The Ladies' Christian Union Records have been organized into the following 15 series:
Missing Title
- Series I: Histories of the LCU, 1958, undated
- Series II: Reports, 1859-2001
- Series III: Minutes, 1858-1958
- Series IV: Real Estate Documents, 1850-1931
- Series V: Financial and Tax Materials, 1869-1907
- Series VI: Correspondence, 1872-1977, undated
- Series VII: Lists of Boarders and Members of LCU, 1860-1870, undated
- Series VIII: Photographs, [1880-1994], undated
- Series IX: Brochures, [1870-1966], undated
- Series X: LCU Celebrations and Events, 1868-1966, undated
- Series XI: Tributes to LCU Leaders, 1874-1949, undated
- Series XII: Manuals, 1869-1876
- Series XIII: Articles, 1868-1997, undated
- Series XIV: Young Women's Christian Association (YWCA), 1860-1945
- Series XV: Books, 1911-1932
Scope and Content Note
The Ladies' Christian Union (LCU) collection documents 140 years of efforts to provide safe and affordable housing to young Christian women in New York City.
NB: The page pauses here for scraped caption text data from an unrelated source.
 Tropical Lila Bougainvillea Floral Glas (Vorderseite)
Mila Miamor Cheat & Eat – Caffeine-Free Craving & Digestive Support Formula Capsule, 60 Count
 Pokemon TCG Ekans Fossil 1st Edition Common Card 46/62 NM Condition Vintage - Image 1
The collection is arranged by type of material and contains administrative materials, photographs, brochures, articles, and comprehensive information on the houses, boarders, members, and history of the LCU. Portions of this collection have been digitized and can be viewed here.
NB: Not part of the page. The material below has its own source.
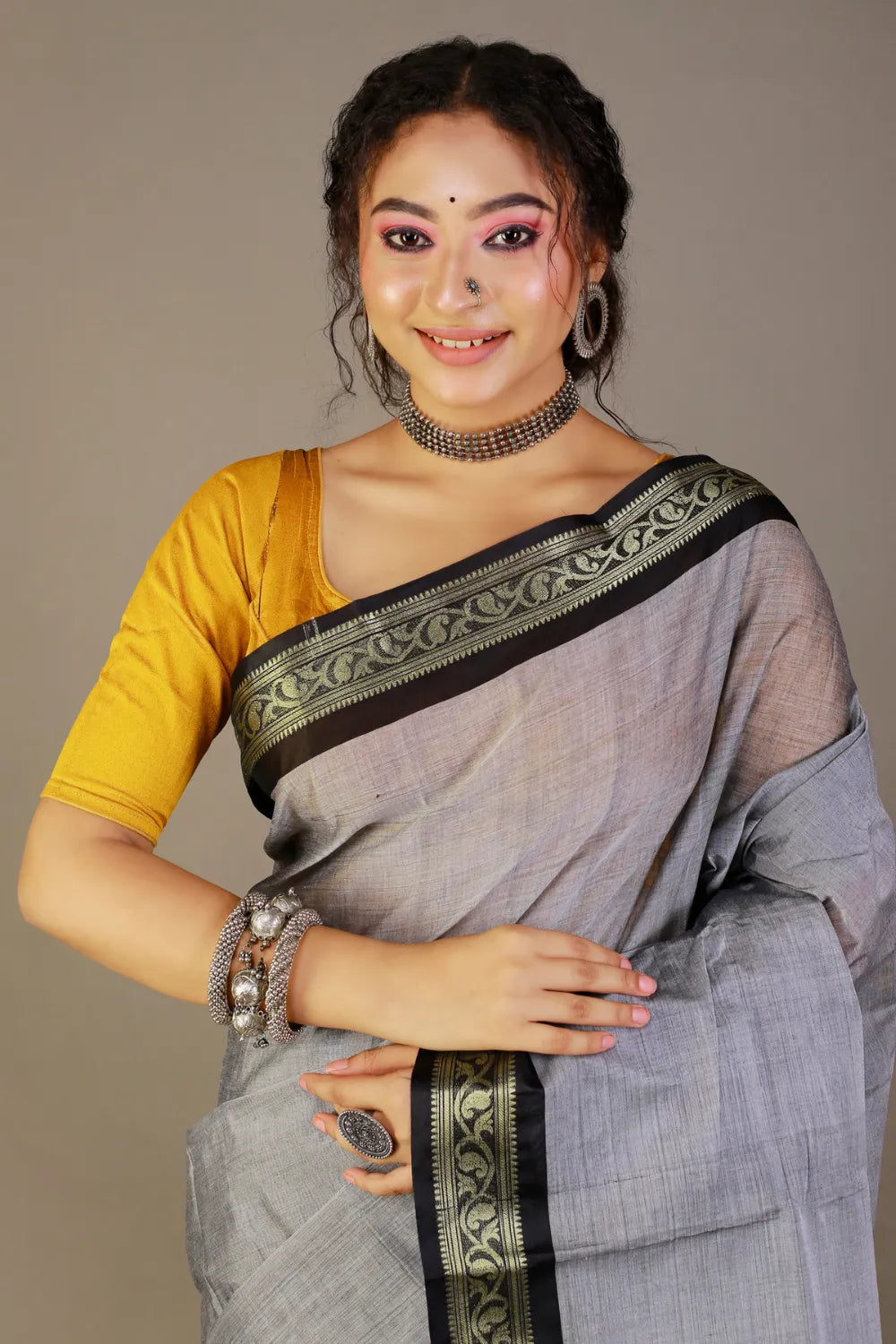 Gray-Black Bangladesi Tangile Cotton Saree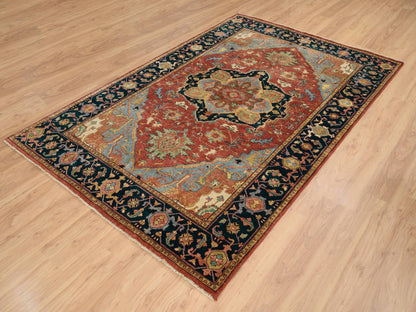 Heriz Heriz hand-knotted wool rug in Red & Navy Blue, 6' x 9'1" — SKU O064954 (view 3)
This collection's strength is its overview of young women working and studying in New York City from 1858-2001. The Annual Reports describe the changes in young women's professions, fields of study, recreational interests, and political concerns. For instance, early occupations of boarders included teachers, seamstresses, governesses, telegraph operators, and milliners while professions in the twentieth century began to include drama students, secretaries, librarians, and eventually, business and engineering students. Similarly, the patriotic work of the women during World War II contrasts with views from the 1968 Annual Report describing the difficulty of providing for young women, "while they are loudly rejecting everything current, including both the domestic and foreign policies of this country."
The early annual reports also recount the number of foreign residents and the number of girls who left the house to marry. The reports describe the large number of illnesses and deaths among the women living in the homes and how the LCU eventually provided nurses and health insurance to its residents. Other items include a ledger book of boarders from 1864-1870 and minutes of general meetings and house meetings, which reveal conflicts with boarders and circumstances when young women were asked to leave.
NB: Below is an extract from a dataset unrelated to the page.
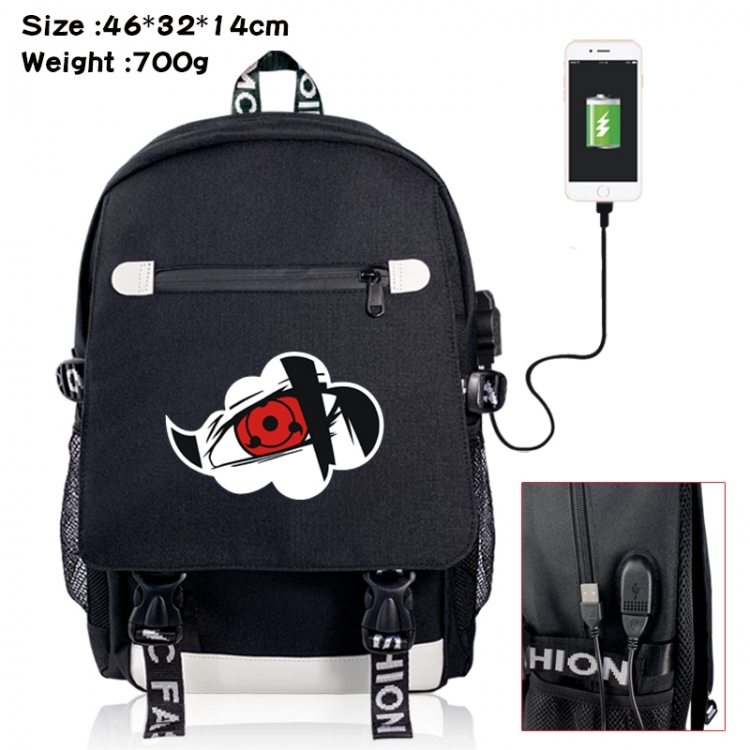 Naruto canvas USB backpack cartoon print student backpack 46X32X14CM 700g 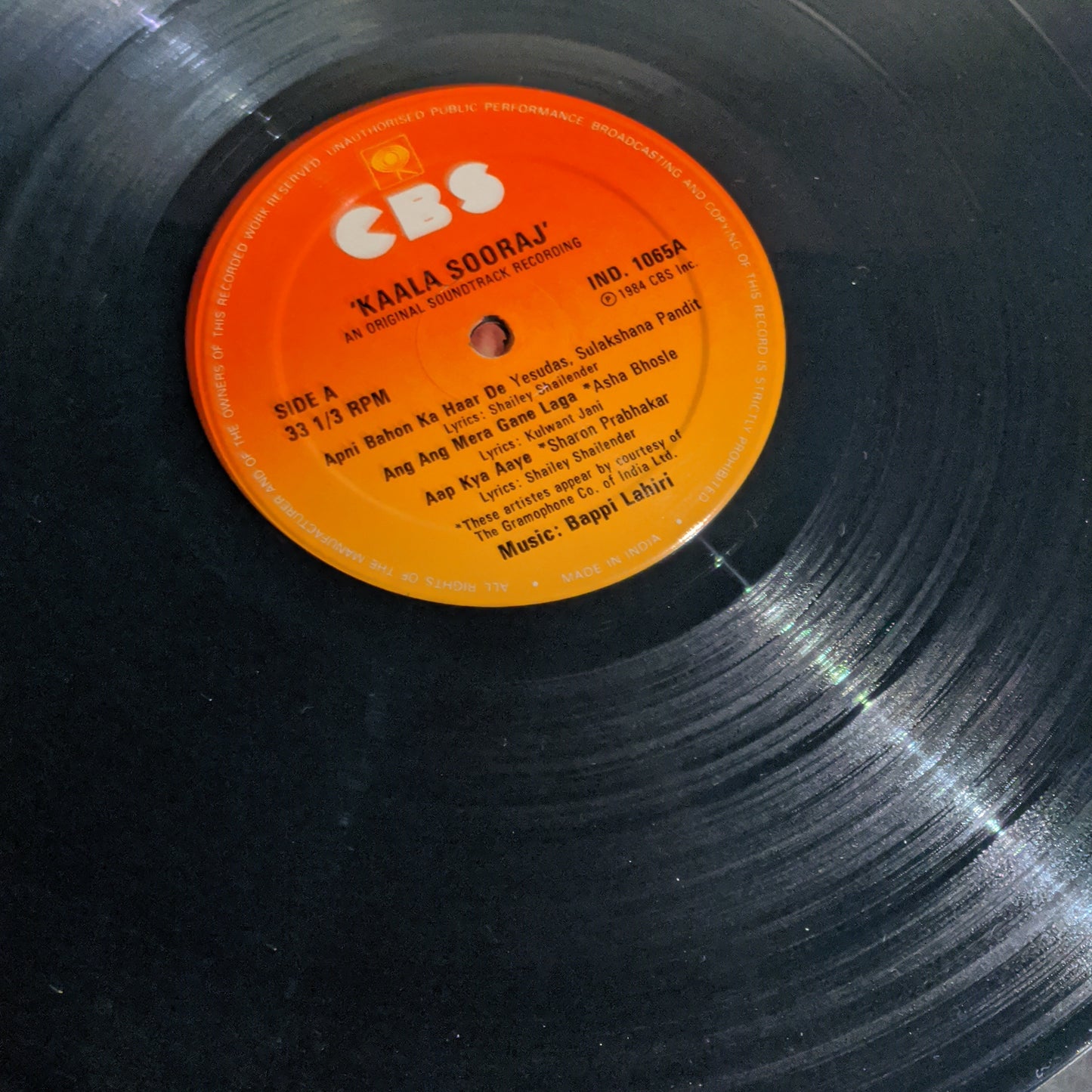 Kaala Sooraj - Bappi Lahiri Record in Near Mint condition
The collection also supports research on the general history of the administration and membership of the LCU. Claiming to be the first women's Christian association in the world, the LCU was a model for other women's Christian efforts such as the YWCA. The administrative files, particularly the annual reports, demonstrate the rise of the organization and the successes and challenges of its efforts. The collection also documents the early devotional work of the organization. Originally, the LCU focused on devotional work, including a Devotional Committee which oversaw prayer meetings and its Band of Prayer, and Christian housing. The files show how the organization began concentrating less on its devotional work and more on the operation of its houses. The Annual Reports in the collection support research into the architectural history of the various LCU buildings, and some of the general meeting and house meeting minutes describe local crime incidents.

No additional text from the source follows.